It’s largely because of this division of labor—which has since come to be called “The Marvel Method”—that Lee’s status as the Beloved All-Father of Modern Comics discomfits fans and comics historians like me. Lee’s grinning, mustachioed mug should, by all rights, share the Mount Rushmore of Comicdom with the aggrieved, scowling visages of artists Jack Kirby and Steve Ditko. It was Kirby and Ditko who established the trippy visual language that drove the “Marvel Revolution” of the early 1960s and the creative ascendancy that followed.

And as that decade wore on, Lee devoted less and less time to plotting comics, eagerly transforming himself from Marvel’s head spitballer to a role that can only be described as Flack-in-Chief. Ditko (who co-created Spider-Man and Dr. Strange), Kirby (who co-created the Fantastic Four, the Hulk and many of the other classic Marvel characters familiar to non-fans) shouldered more and more of the narrative load, alongside scripters and “co-plotters”—an ambiguous role that is to comics what “associate producer” is to film.
In comics, credit—the proper apportioning of it—matters hugely. That’s partly about remuneration: Many writers and artists who’ve created iconic characters have argued, correctly, that their work makes Marvel and archrival DC Comics millions in licensing alone. But they rarely see that money: Both publishers keep vast legal departments leashed like hounds, and set them loose with nigh-limitless resources to argue that any such creations represent work-for-hire. Despite temporary victories for the little guy, pretty much every battle between a beleaguered creator and a megacorporation like Marvel or Warner Bros (DC’s owner) ends the same way.
These legal wranglings are about rights and recompense, yes.

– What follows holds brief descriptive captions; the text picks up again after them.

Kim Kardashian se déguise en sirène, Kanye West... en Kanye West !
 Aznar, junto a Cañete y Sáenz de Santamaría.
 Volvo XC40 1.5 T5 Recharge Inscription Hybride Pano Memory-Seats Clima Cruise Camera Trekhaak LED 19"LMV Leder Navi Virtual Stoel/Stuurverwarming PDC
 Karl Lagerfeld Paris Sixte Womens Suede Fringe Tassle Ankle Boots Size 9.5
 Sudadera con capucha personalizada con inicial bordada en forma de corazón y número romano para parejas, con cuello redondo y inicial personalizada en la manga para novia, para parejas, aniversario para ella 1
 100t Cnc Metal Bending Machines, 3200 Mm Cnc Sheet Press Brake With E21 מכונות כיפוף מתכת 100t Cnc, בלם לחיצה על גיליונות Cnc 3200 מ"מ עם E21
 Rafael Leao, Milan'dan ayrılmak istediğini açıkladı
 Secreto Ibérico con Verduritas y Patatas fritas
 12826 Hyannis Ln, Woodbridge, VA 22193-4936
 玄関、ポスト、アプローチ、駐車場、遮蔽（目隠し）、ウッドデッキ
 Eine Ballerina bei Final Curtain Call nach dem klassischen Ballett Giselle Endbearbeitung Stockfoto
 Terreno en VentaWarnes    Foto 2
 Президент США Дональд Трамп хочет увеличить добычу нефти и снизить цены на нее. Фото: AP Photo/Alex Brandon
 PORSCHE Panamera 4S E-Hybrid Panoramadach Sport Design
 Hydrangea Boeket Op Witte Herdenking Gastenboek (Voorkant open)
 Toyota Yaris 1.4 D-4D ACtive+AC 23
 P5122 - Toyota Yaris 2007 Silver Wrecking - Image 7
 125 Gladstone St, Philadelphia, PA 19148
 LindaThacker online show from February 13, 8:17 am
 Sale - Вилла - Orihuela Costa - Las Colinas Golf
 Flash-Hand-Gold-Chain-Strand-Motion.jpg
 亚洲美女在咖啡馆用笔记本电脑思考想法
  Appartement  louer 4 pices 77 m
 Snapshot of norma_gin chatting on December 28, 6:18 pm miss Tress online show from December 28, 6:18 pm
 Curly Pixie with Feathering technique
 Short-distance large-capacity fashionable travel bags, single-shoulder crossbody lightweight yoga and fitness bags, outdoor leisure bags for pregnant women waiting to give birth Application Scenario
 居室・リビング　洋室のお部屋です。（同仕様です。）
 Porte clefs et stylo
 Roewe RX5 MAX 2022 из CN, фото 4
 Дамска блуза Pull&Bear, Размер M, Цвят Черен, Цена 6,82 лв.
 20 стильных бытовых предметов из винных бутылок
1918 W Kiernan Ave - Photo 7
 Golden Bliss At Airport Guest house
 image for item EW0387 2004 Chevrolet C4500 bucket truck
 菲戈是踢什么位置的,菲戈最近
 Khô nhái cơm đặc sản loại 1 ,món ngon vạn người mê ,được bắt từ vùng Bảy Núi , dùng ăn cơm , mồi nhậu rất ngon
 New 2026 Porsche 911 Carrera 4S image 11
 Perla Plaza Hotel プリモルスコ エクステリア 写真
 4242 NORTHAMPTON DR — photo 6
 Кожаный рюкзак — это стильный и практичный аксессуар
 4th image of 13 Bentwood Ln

But more deeply they are about reputation, about having your name forever attached to a character who will, thanks to fan devotion (and, in no small measure, to licensing deals and cross-platform synergy) outlive you. For the most part, today’s generation of mainstream comics writers and artists acknowledge this state of affairs with a resigned shrug. A lucky few, like The Walking Dead’s Robert Kirkman, can swear off working for The Big Two at all and still make money. Many others alternate between creator-owned projects at publishers like Image and work for DC or Marvel.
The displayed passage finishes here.